If it doesn’t feel safe, people with options about where they spend time will stop coming.

If it doesn’t feel welcoming, people who wonder if something this good really is for me will stay away.

If it doesn’t feel generous, it is missing the “x factor.” 

There is no formula… no recipe… no playbook that tells us how to “practice equity” in public space.  In our case, we observe, we try things, we observe again, we tweak, we measure, and then we tweak again.  Our method is continuous learning and continuous improvement. 

But I want to tell you two quick stories of equity in practice.  They are beginning to give us hints of how we might practice equity in public space everywhere. 

The first is a very simple inspiration we had early on that didn’t seem like much at the time. 

We wanted a park Welcome Center as part of the program.  We didn’t know quite what the services would be, but we imagined it could do a laundry list of things – greet people coming into the park, offer information and directions, survey visitors.  We were driven by the story of Tom Lee’s heroic rescue – the deep generosity and neighborliness of it.  He was, indeed, his brother’s keeper. 

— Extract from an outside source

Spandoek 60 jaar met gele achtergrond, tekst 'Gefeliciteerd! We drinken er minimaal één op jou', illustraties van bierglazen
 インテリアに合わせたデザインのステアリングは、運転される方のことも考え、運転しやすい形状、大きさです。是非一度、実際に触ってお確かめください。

This led us to adopt the “Hi Neighbor” message we use on ranger shirts and, eventually, on our park café, which has morphed into a ranger team who really understand our intention to get people to meet new people in the park.  (Remember that 57% number?). It has created relationships between park regulars and rangers and led to equipment loans and dog treats.  Bloomberg Center for Public Innovation has written about the impact of communicating a culture embodied in “Hi Neighbor” vs. police with guns patrolling a space. 

Yes, sometimes, you need police.  But the vibe that “everyone is welcome here” (as long as you act in a neighborly way) is a good beginning point to create a space where strangers can feel comfortable – even joyful — spending time together in public space. 

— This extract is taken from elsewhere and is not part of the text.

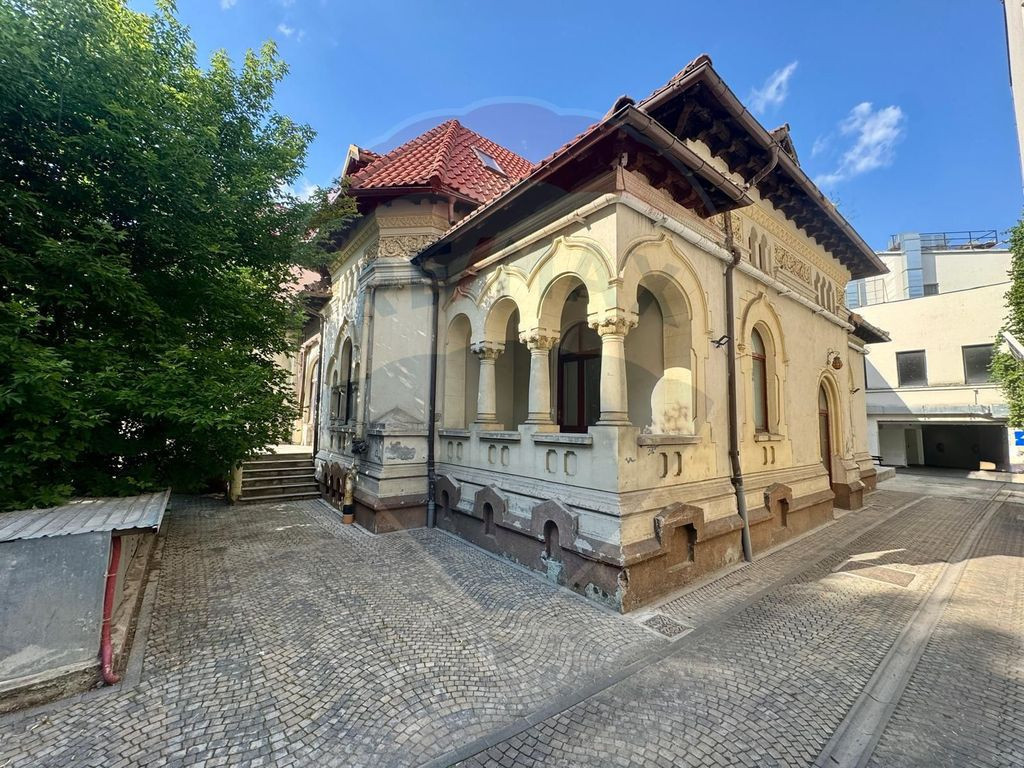 Spațiu Comercial, Birouri Vila Interbelica | Strada Berz...
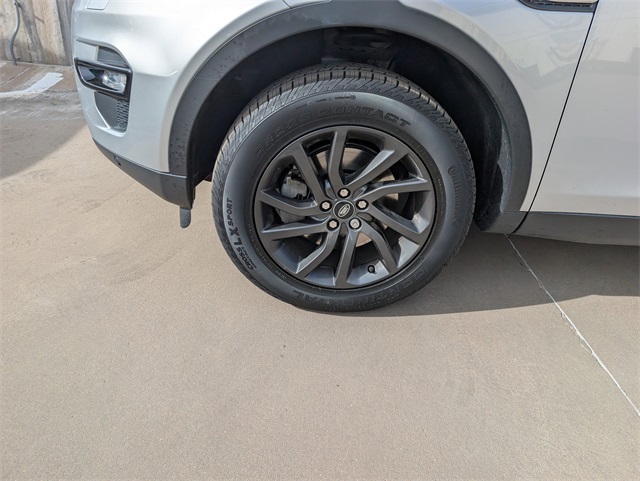 2017 Land Rover Discovery Sport HSE photo 2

The second is the product of an idea I had 4 years ago during a Sunset Kayak event on the harbor.  We had a DJ on the water to set the vibe for kayaking, and between songs, he would encourage good behavior from participants… reminding people to return your kayak after 30 minutes, tell others about the event… really simple stuff. 

I thought then, John Best should be the official DJ in Tom Lee Park.  I kicked the idea around for several years, while we continued using John for Skate Nights and various events.  As a former professional basketball player who had traveled the world where he was always “the outsider,” he knew how to read a crowd with both his music and his messaging.  He is a generous, confident, beautiful human being who knows how to use his talent for good. 

Fast forward to last week when we announced John Best as our first “Maker of Culture” on the riverfront.  Our rangers love having him in the park because, as they say, everything gets better, happier, more respectful when John is performing.  He mixes messages into his sets, reminding people of park closing times, to dispose of trash, to keep it fun, to watch your children.  But it never feels like he’s preaching. 

And this is typical of the response we get… 

Recently, I’ve been re-reading my friend Ryan Gravel’s book “Where We Want to Live” on the creation of the Atlanta Beltline.  In it, he writes, “When infrastructure is done well, it compels others – hundreds, perhaps millions of people – to create a better life for themselves.  It provides them with the incentive and the opportunity to build an apartment building, start a new business, host a picnic, perform a dance or tip their hat each morning when we see them at the market.  While new infrastructures might also create beautiful landscapes or make convenient connections, their central purpose is to compel people to bring their city to life. 

Your job and my job is to bring our cities to life in a way that everyone feels included and everyone participates in public life – not because they have to but because they want to.  This is about parks and public space and downtowns, yes.  But more fundamentally, it is about luring us — across our many differences — into spending time together.  It is about joy.  It is about equity.  It is about opportunity.  It is about democracy. 

Downtowns have a unique and outsize role to play in bringing cities to life.  Thank you for being stewards of these important places.